- The Washington Times - Wednesday, June 4, 2003

In a widely noted speech transmitted by satellite to a meeting of private bankers in Berlin Tuesday, Federal Reserve Chairman Alan Greenspan cited several economic indicators he said should propel growth in the near future. Those included falling oil prices, fast-rising consumer confidence, recent strong gains in the stock market, falling medium- and long-term interest rates and well-timed tax cuts that Congress passed last month.

While noting that “the economy did weaken in March and April,” the Fed chairman asserted that data from May to date suggests that it stabilized. Nevertheless, Mr. Greenspan acknowledged that no “major evidence” confirms that U.S. economic growth has yet begun to accelerate. Mr. Greenspan did reiterate the fact that the Fed was still concerned about the “very low probability” of “corrosive deflation” possibly sending the economy spiraling downward. Under these circumstances, Mr. Greenspan strongly hinted that the Fed “would be far more inclined, as we have been over the last couple of years, to be taking out insurance against economic weakness” by further reducing short-term interest rates. The Fed’s monetary policy-making committee meets in less than three weeks.

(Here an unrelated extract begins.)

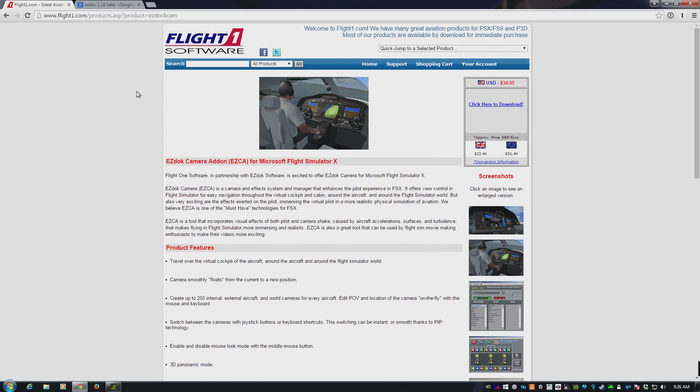But hopefully this answers a lot of the questions I've had about this particular product, which is the EasyDock camera add-on that is used in nearly all of my videos to do with FSX or Prepar3D. The question is, how on earth did you get EasyDock working with Prepar3D? It's actually very easy.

At the same meeting in Berlin, Wim Duisenberg, the president of the European Central Bank (ECB), which sets short-term interest rates for the 12-nation eurozone, also strongly hinted that the ECB would finally lower its benchmark interest rate today. With unemployment approaching 9 percent in the growth-starved eurozone and deflationary pressures intensifying as a result of the euro’s recent appreciation, the ECB would do well to lower its target rate by at least half a percentage point to 2 percent.

Regarding the tax cut that President Bush pushed through Congress late last month, Mr. Greenspan, who earlier worried whether the measure could be properly timed, said, “I have to admit that fortuitously this particular cut in taxes is happening at the right time.” Mr. Greenspan favorably observed that the short-term fiscal boost “will create a fairly marked increase in after-tax income in the third quarter.” Given that the Fed is soon likely to make monetary policy more expansionary, his cautious optimism may prove to be well-placed.